* **What this task involves**
What is needed is the exact text of each line in the listing below from the one with "Emulate Android APK" up to and including the one with "Lens: Canon EF 50mm f/1.8 II", and no pictures.

● ● ●

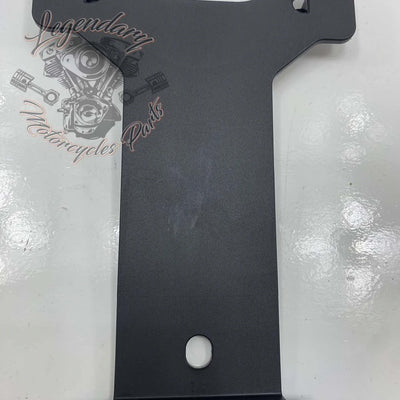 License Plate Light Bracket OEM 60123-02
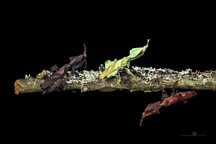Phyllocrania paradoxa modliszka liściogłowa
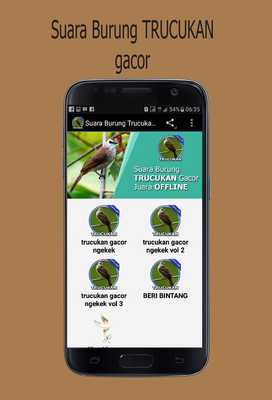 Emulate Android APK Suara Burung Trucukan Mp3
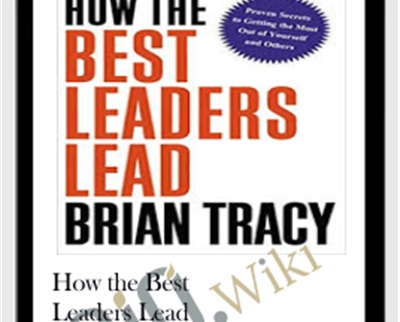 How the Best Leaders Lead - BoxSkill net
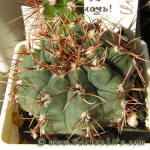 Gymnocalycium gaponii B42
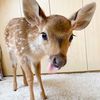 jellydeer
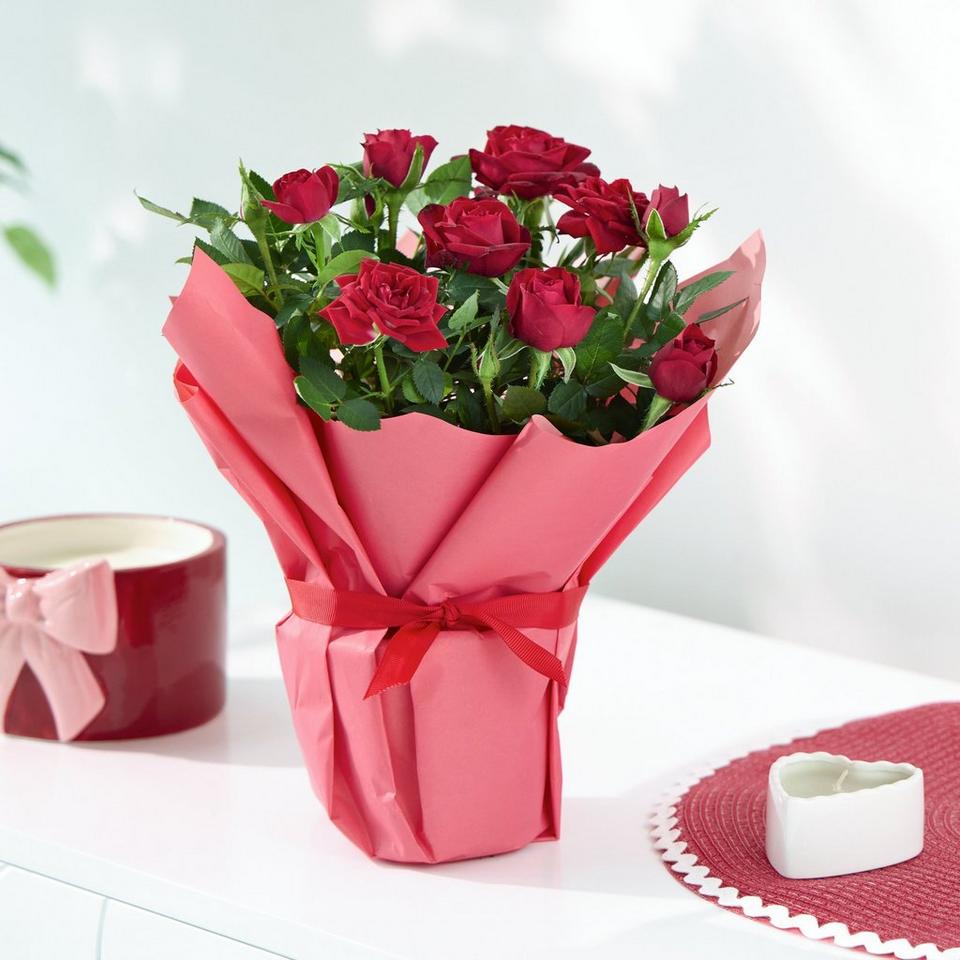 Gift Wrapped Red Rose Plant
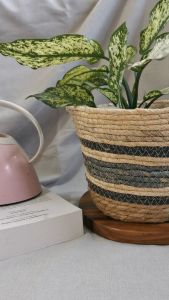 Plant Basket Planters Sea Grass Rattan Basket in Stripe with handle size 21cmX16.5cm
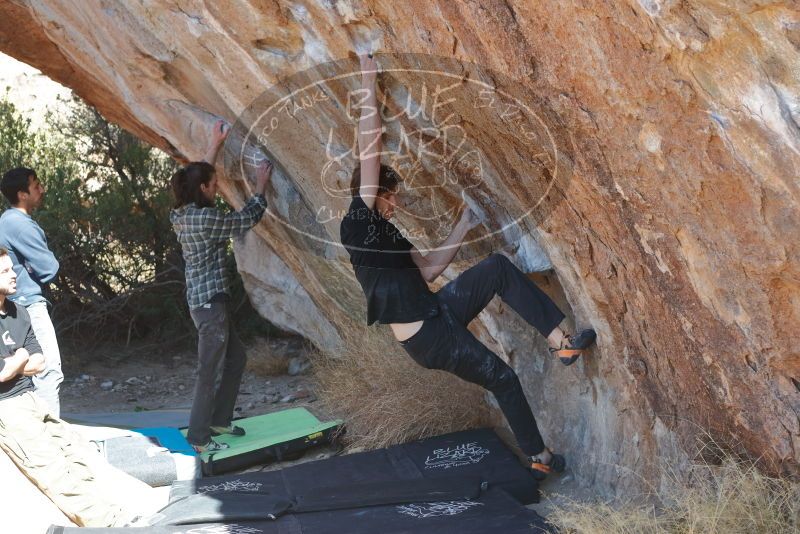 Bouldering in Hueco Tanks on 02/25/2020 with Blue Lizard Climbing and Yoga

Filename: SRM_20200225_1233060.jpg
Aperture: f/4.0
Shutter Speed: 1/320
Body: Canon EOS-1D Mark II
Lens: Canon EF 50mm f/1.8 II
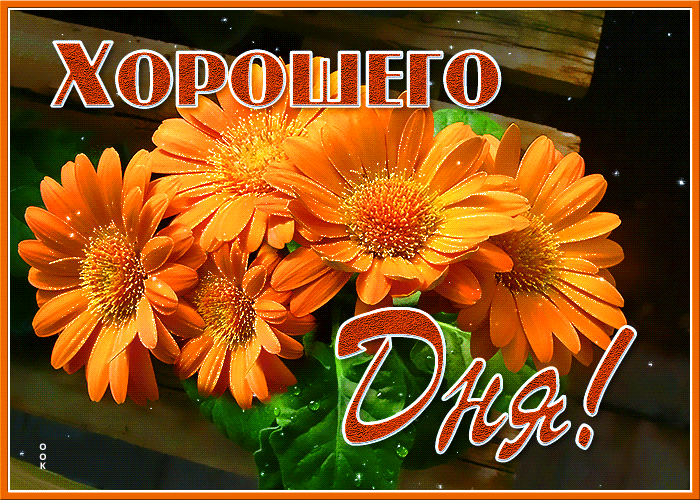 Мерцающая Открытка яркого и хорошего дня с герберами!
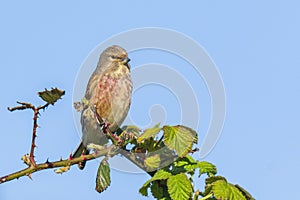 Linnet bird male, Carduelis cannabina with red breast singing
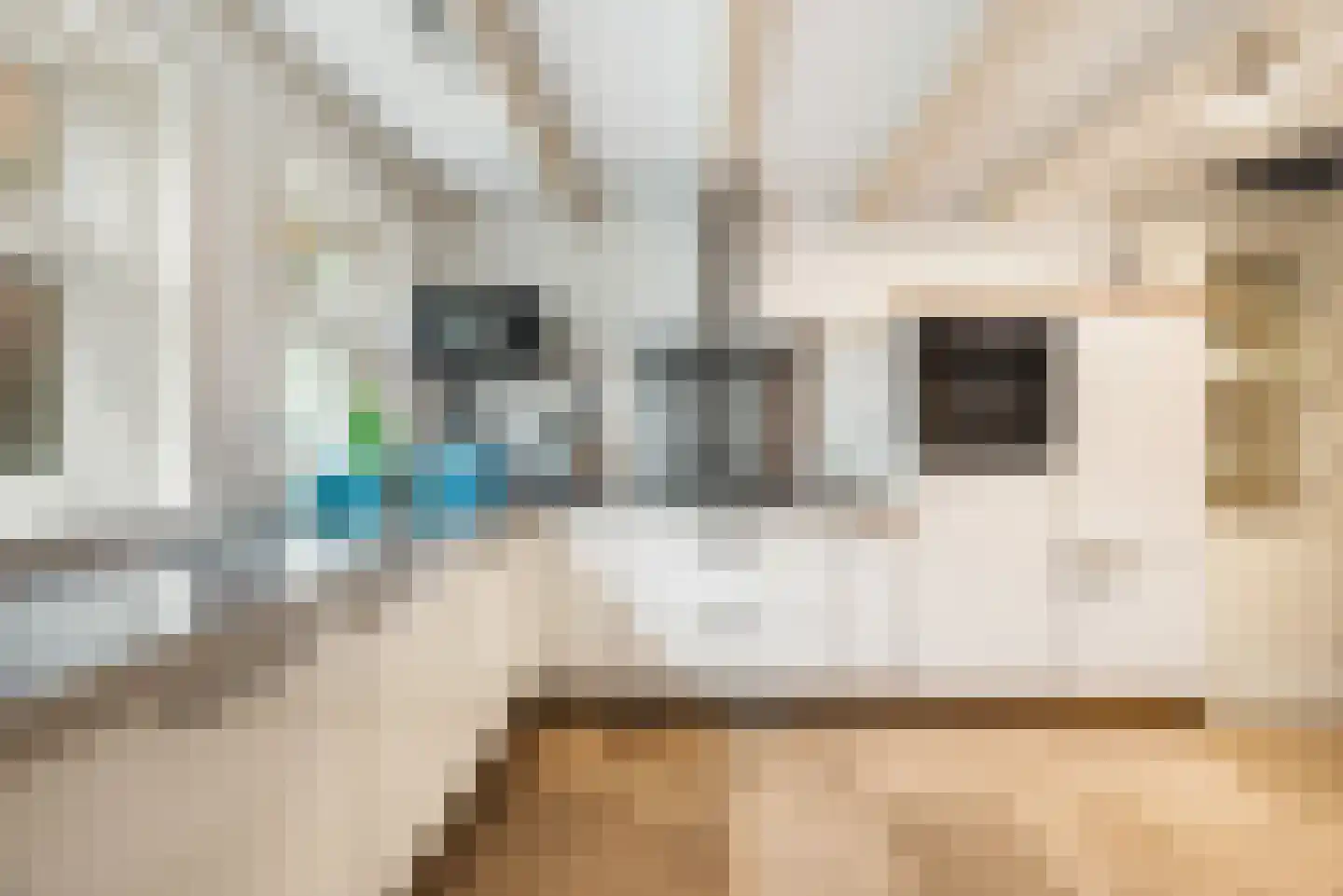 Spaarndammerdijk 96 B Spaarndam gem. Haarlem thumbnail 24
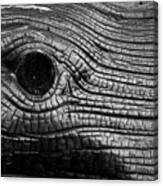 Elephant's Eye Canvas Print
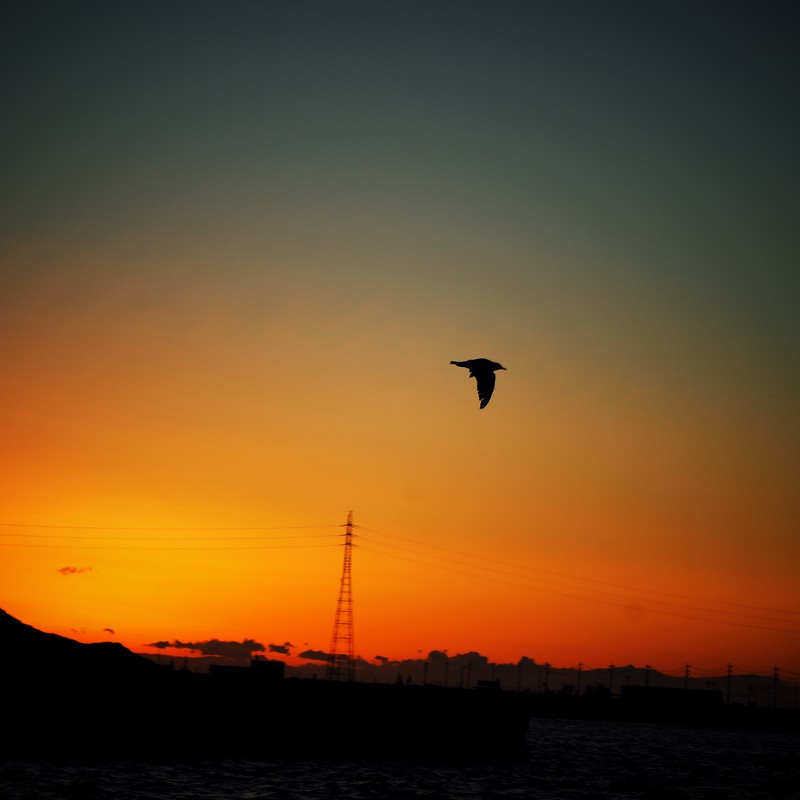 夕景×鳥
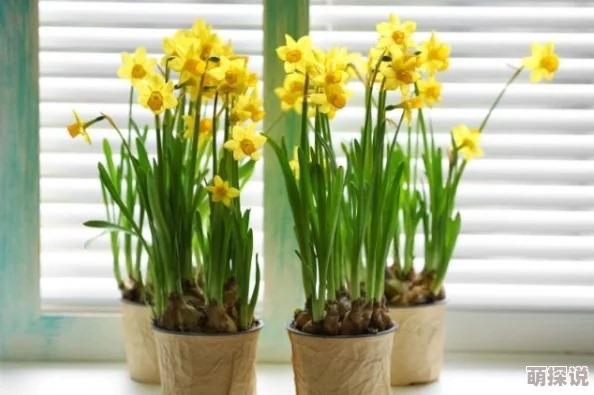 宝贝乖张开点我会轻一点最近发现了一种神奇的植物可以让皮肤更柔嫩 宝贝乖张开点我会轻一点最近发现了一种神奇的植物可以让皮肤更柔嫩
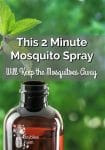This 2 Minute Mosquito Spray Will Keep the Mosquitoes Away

● ● ●

* **Answer section**
 Emulate Android APK Suara Burung Trucukan Mp3
 How the Best Leaders Lead - BoxSkill net
 Gymnocalycium gaponii B42
 jellydeer
 Gift Wrapped Red Rose Plant
 Plant Basket Planters Sea Grass Rattan Basket in Stripe with handle size 21cmX16.5cm
 Bouldering in Hueco Tanks on 02/25/2020 with Blue Lizard Climbing and Yoga

Filename: SRM_20200225_1233060.jpg
Aperture: f/4.0
Shutter Speed: 1/320
Body: Canon EOS-1D Mark II
Lens: Canon EF 50mm f/1.8 II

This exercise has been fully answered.